Et vous avez mentionné dans votre rapport que la Fed pourrait devoir agir plus énergiquement si les attentes deviennent moins ancrées. Qu’est-ce que vous voulez dire par là?
Oui, c’est une question très intéressante. C’est d’ailleurs l’une des raisons pour lesquelles je voulais rédiger ce rapport au départ. Je trouve le processus à la source de l’inflation extrêmement fascinant. Et ici, ce dont on parle, c’est que l’un des points les plus importants au sujet de l’inflation, c’est qu’elle peut devenir une prophétie qui s’auto-réalise.
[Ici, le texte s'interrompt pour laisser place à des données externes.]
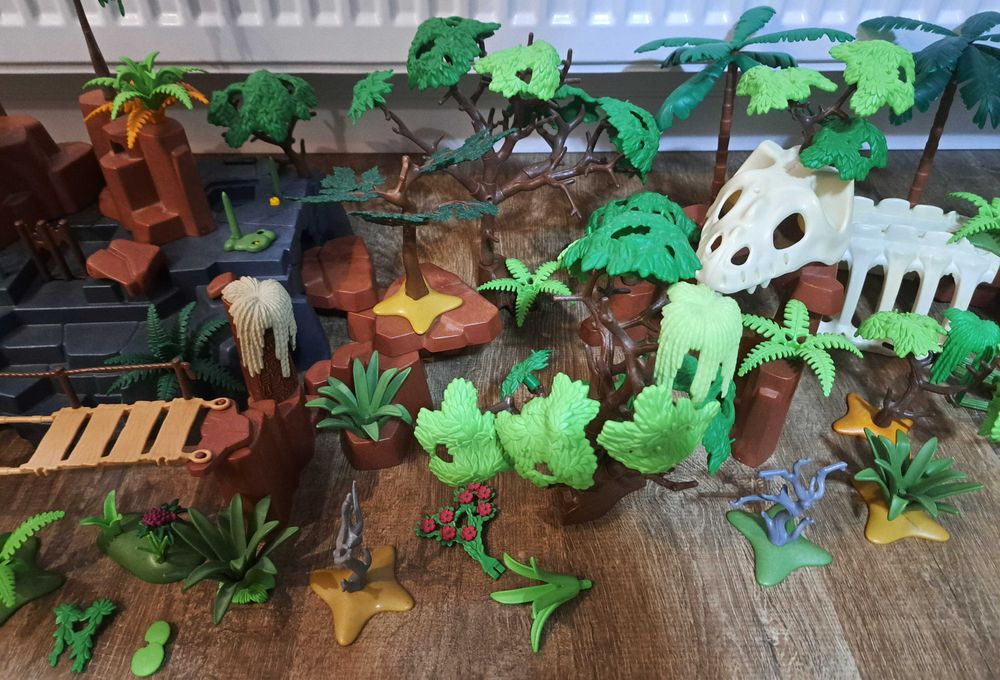 Playmobil - elemente de vegetatie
Si tout le monde s’attend à ce que l’inflation soit élevée l’an prochain, on va commencer à agir en conséquence cette année. Donc les entreprises vont prévoir augmenter leurs prix, leurs fournisseurs vont prévoir augmenter leurs prix, les gens vont commencer à penser qu’ils doivent chercher un emploi mieux rémunéré, ou sinon ils vont accuser du retard sur l’inflation. Et une fois que ces sentiments et ces attentes se sont établis, c’est très difficile de les combattre. Et c’est ce que ça signifie, des attentes qui ne deviennent pas ancrées.
Certains craignent maintenant que la Fed réagisse de façon excessive en tentant de contenir l’inflation au moyen de ses politiques énergiques en matière de taux d’intérêt et qu’elle provoque une récession. Quelle est la probabilité que ce scénario se produise?
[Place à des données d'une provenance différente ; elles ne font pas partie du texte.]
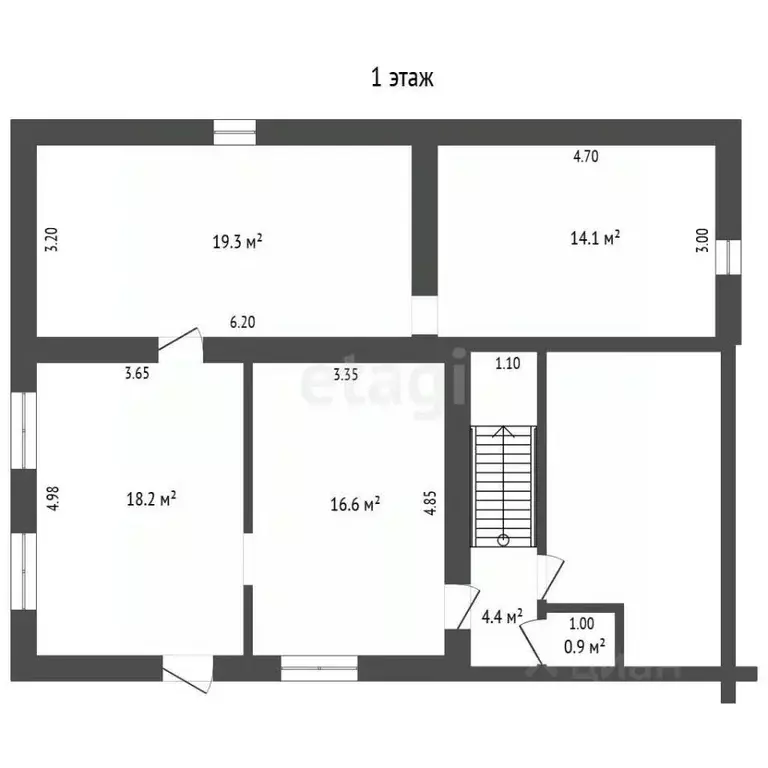 Дом в Башкортостан, Бирск ул. Вострецова (143 м) - Фото 2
Je pense que les utilisent un peu trop le mot en « R » et qu’ils le traitent comme un résultat binaire. Mais la vérité, c’est que dans un monde où des récessions sont possibles, beaucoup de choses différentes peuvent se produire. Quelque chose d’assez modéré, comme la récession de 2001, où la croissance a été faible pendant quelques trimestres, est une possibilité. Quelque chose comme le cycle de 1990 ou de 1991, que j’ai mentionné dans le rapport, est également une possibilité.
Selon moi, il est fort probable que pendant une période prolongée, la croissance soit relativement faible, mais qu’elle ne respecte pas la définition technique d’une récession. Vous vous situez juste en dessous du plein potentiel de croissance de l’économie pendant peut-être un an, mais vous ne contractez jamais l’économie, ce qui est la définition d’une récession.
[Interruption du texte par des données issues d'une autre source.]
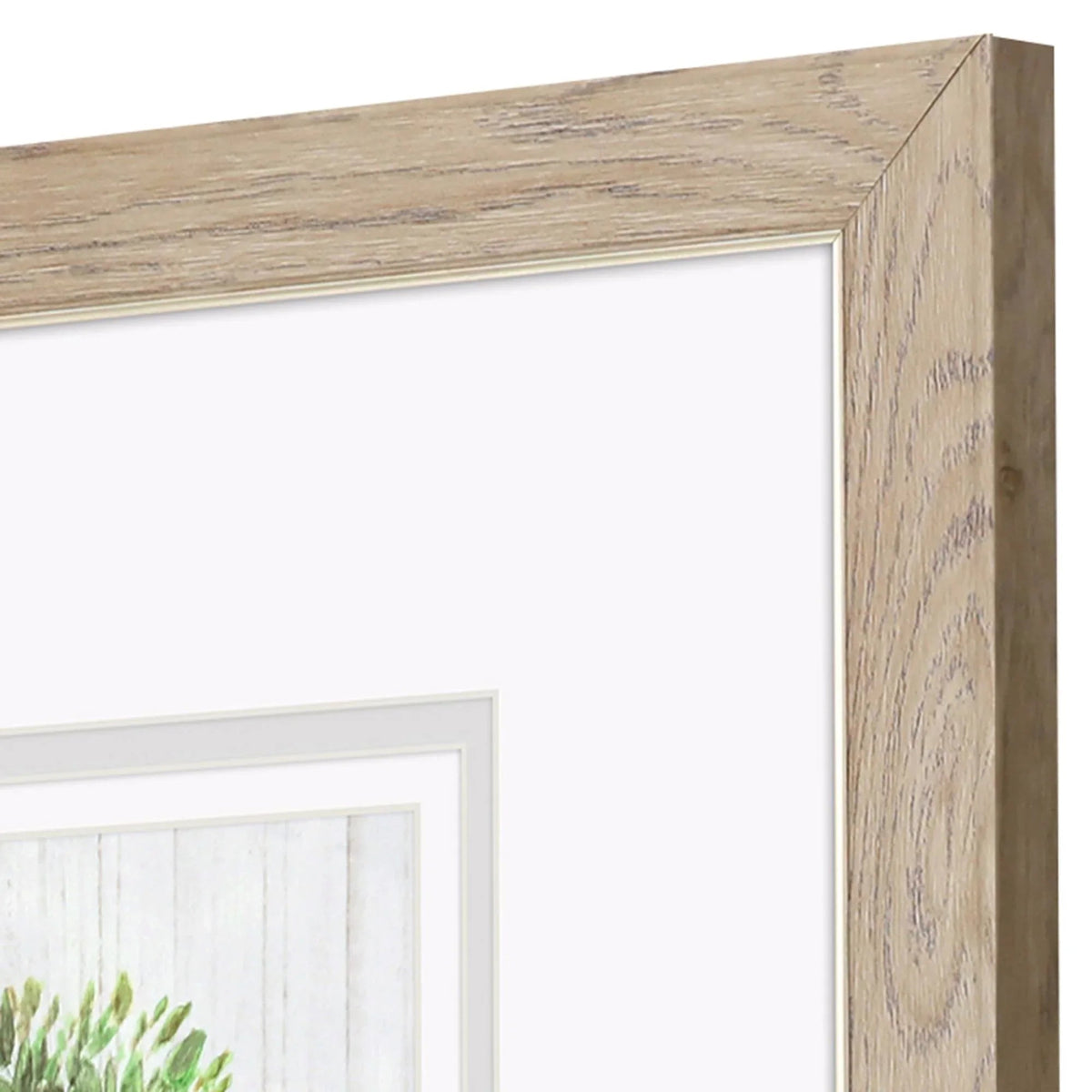 Rosemary Thyme Green Framed Wall Art 2PC -- view 4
Et dans ce contexte, récemment, la mesure de l’inflation que la Fed privilégie a été allégée en avril. J’aimerais savoir ce que vous en pensez. Croyez-vous que cela indique que l’inflation a atteint un sommet aux États-Unis?
Je pense que les données sur l’inflation d’avril ont été encourageantes, compte tenu de la situation actuelle. Les mesures de l’indice global et les mesures de base ont été assouplies, comparativement au mois dernier, et certains des principaux facteurs qui ont contribué au rendement ces derniers mois, comme l’énergie, se sont aussi beaucoup atténués. Mais je tiens à souligner qu’un point de données n’est pas une tendance. Je pense qu’on doit tous surveiller les prochains mois avant de déclarer que le sommet de l’inflation est derrière nous.
En fin de compte, quelles sont vos perspectives quant à un atterrissage en douceur de la Fed pour l’économie américaine?
En fin de compte, peu importe l’angle sous lequel on aborde la question, ça va être difficile, et la Réserve fédérale a certainement beaucoup de pain sur la planche. Mais tant qu’on ne se convainc pas tous que l’inflation élevée est là pour rester éternellement, ma conclusion est que ces difficultés-là sont gérables, et que la Fed a pris les mesures nécessaires jusqu’à présent pour corriger la situation.
Vikram, merci beaucoup de vous être joint à nous. Merci beaucoup, Anthony. Ça a été un plaisir d’être ici.